Assigned task
Please give every line below again exactly, but not its pictures.
=====
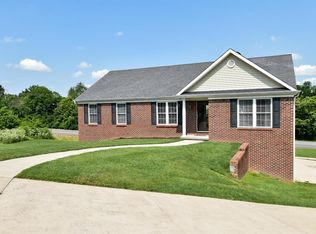 169 Saint Anthony St, Danville, KY 40422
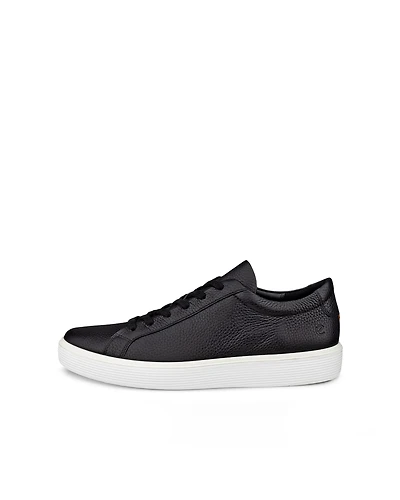 Men's ECCO® Soft 60 Leather Sneaker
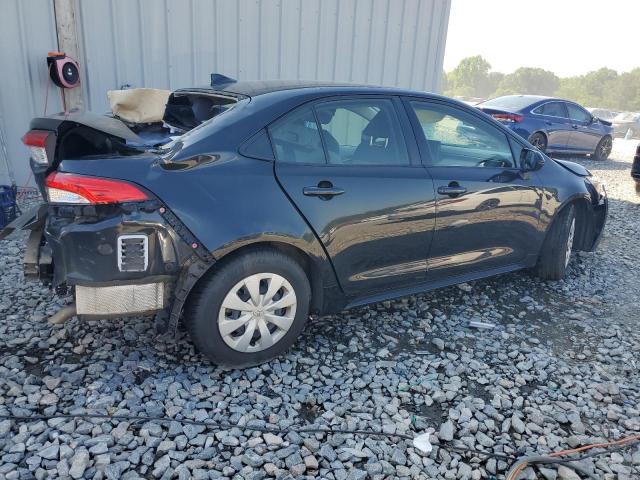 Photo 3 from auction – 2020 TOYOTA COROLLA L with VIN JTDDPRAE6LJ007724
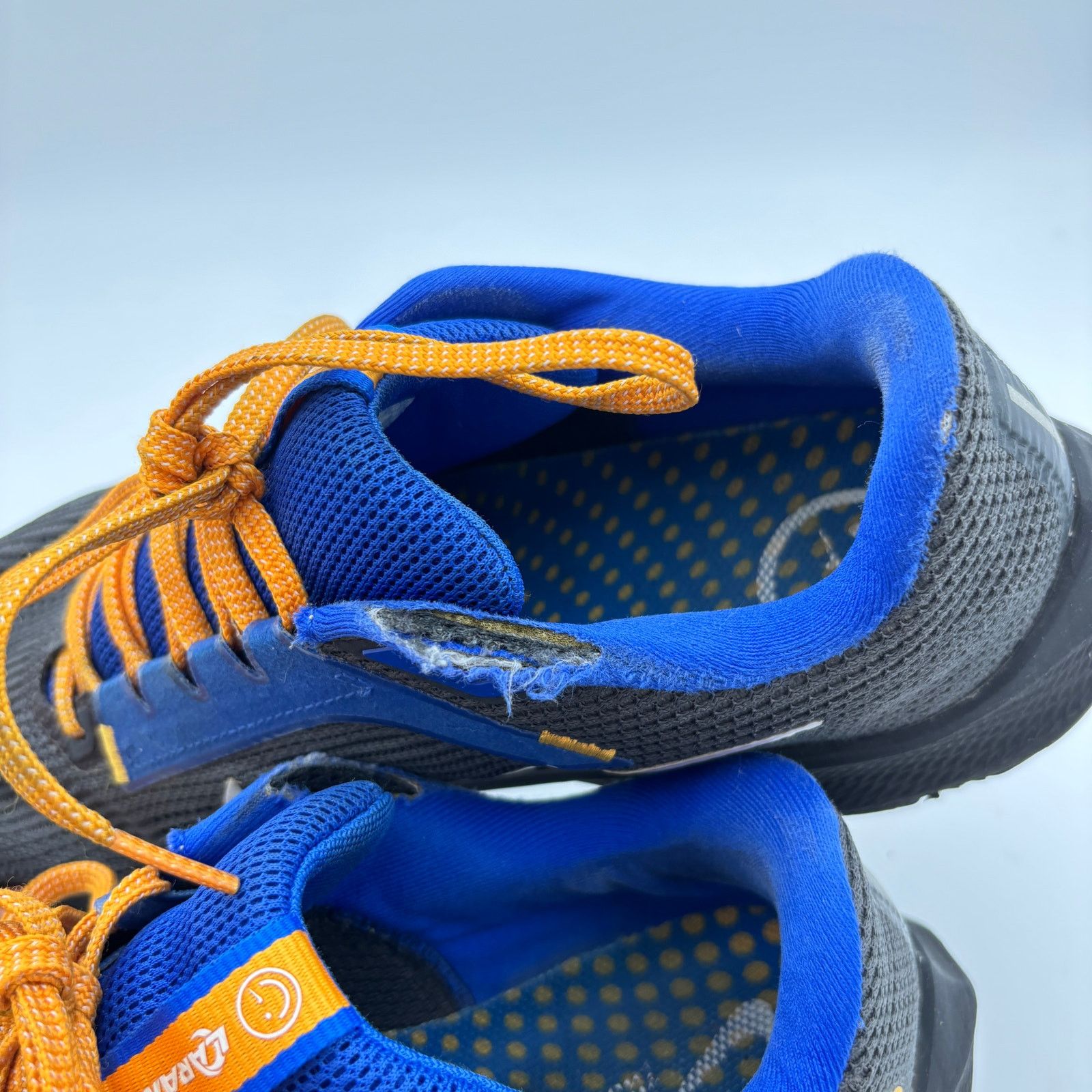 NFL × Nike Nike Pegasus 40 Los Angeles Rams Sneakers Men's 9.5 Size US 9.5 / EU 42-43 - 10 Thumbnail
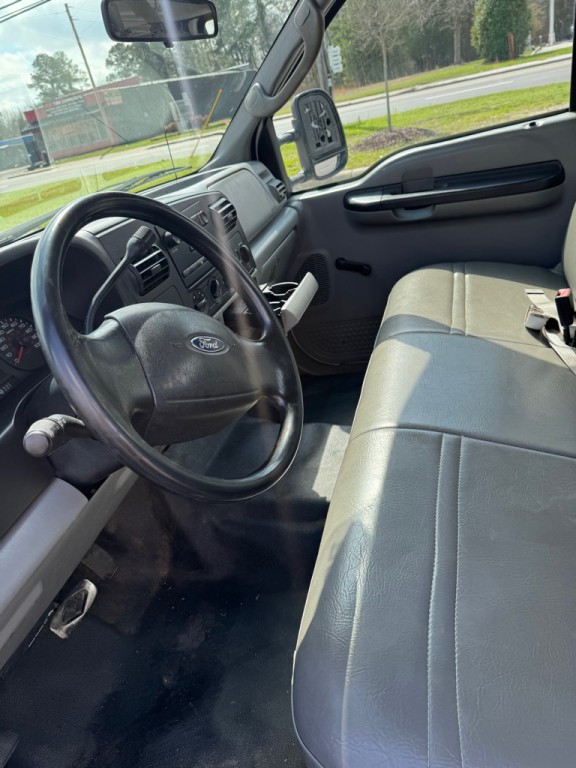 2006 Ford F-250 Image 4
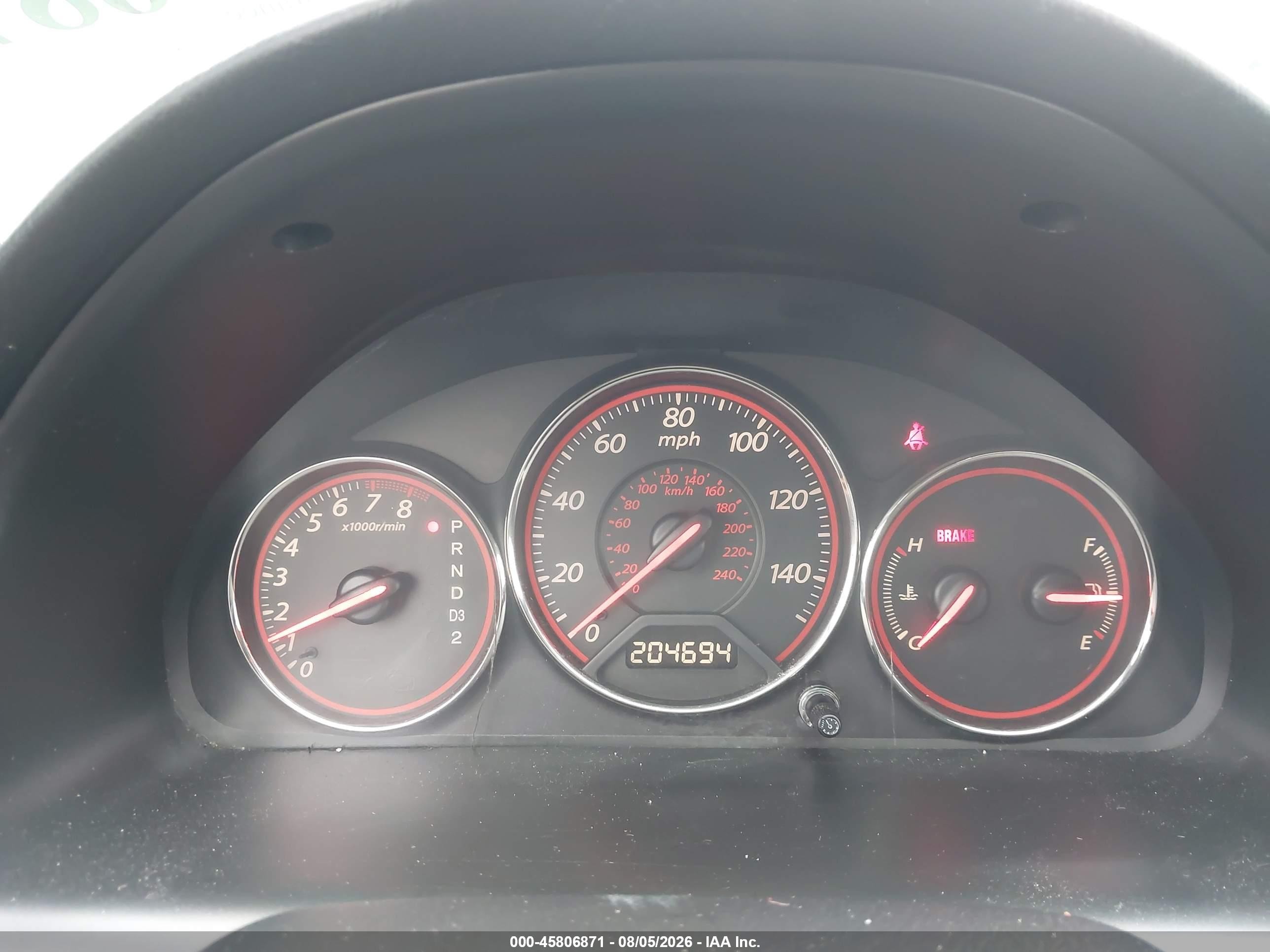 2005 Honda Civic Lx Silver vin: 1HGEM22525L067964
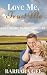 Love Me, Trust Me: Full Heart Ranch Series #2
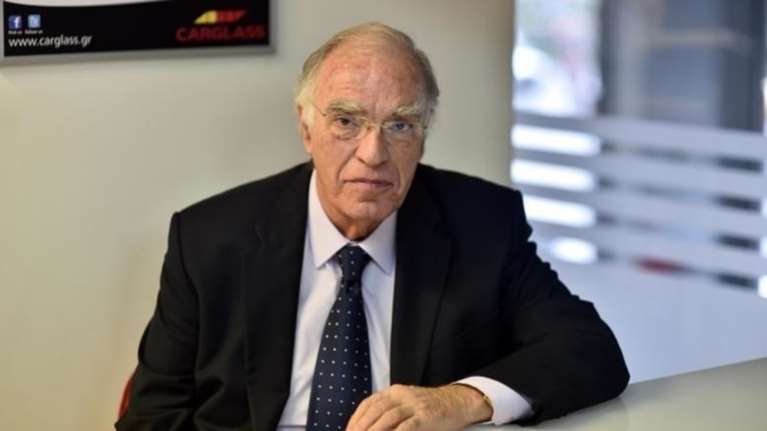 Λεβέντης για Τσίπρα: Συνεχίζει τα ωραία λόγια...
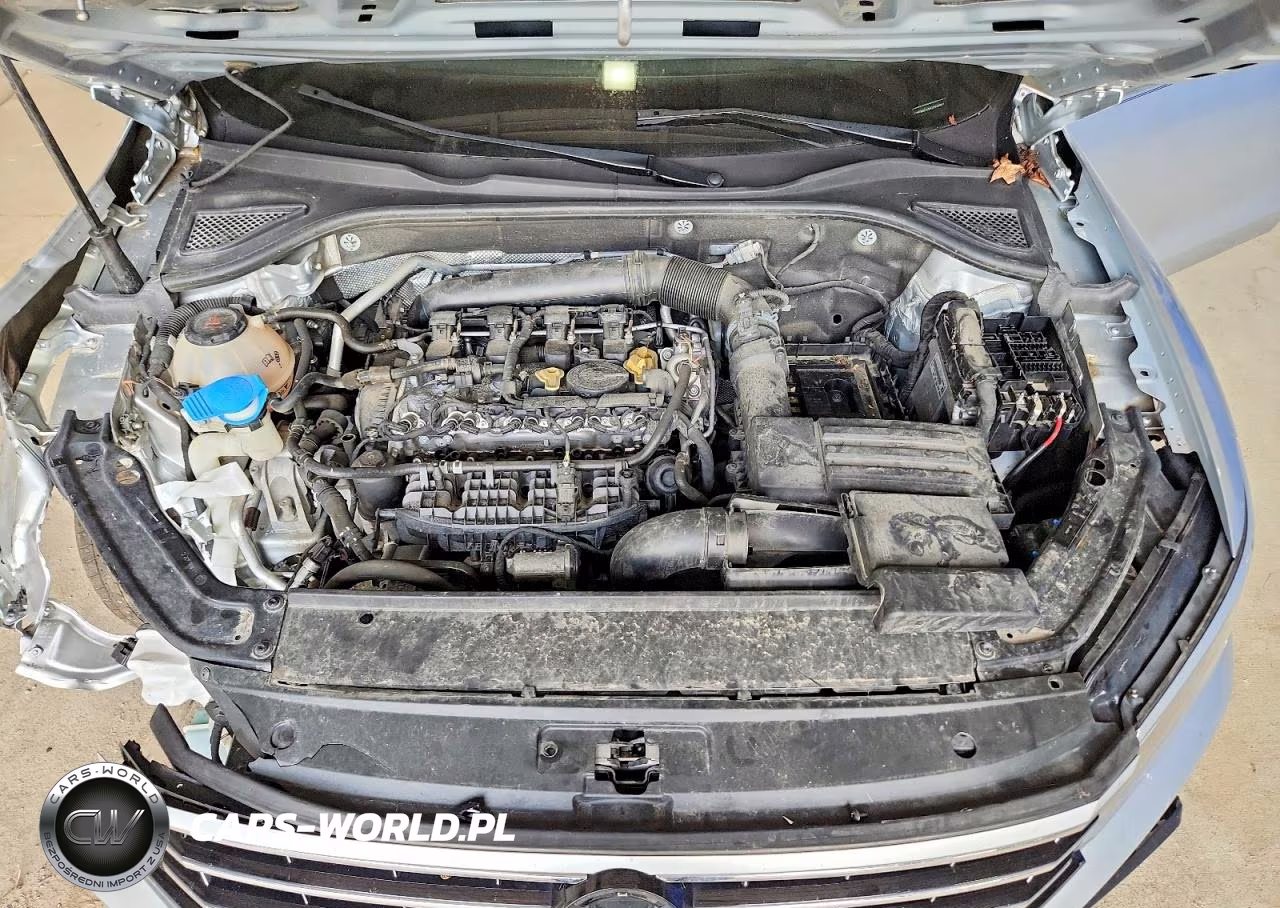 2018 Volkswagen Passat Se VIN:1VWBA7A33JC044501 - 11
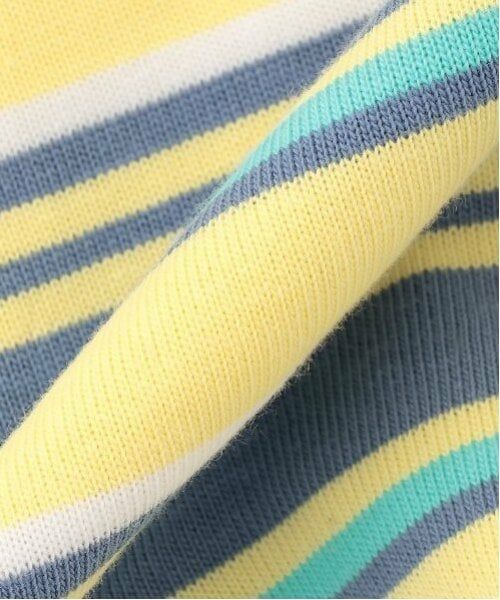 minimal / ミニマル Tシャツ | ボーダーＴシャツ | 詳細21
=====
Solved exercise
 169 Saint Anthony St, Danville, KY 40422
 Men's ECCO® Soft 60 Leather Sneaker
 Photo 3 from auction – 2020 TOYOTA COROLLA L with VIN JTDDPRAE6LJ007724
 NFL × Nike Nike Pegasus 40 Los Angeles Rams Sneakers Men's 9.5 Size US 9.5 / EU 42-43 - 10 Thumbnail
 2006 Ford F-250 Image 4
 2005 Honda Civic Lx Silver vin: 1HGEM22525L067964
 Love Me, Trust Me: Full Heart Ranch Series #2
 Λεβέντης για Τσίπρα: Συνεχίζει τα ωραία λόγια...
 2018 Volkswagen Passat Se VIN:1VWBA7A33JC044501 - 11
 minimal / ミニマル Tシャツ | ボーダーＴシャツ | 詳細21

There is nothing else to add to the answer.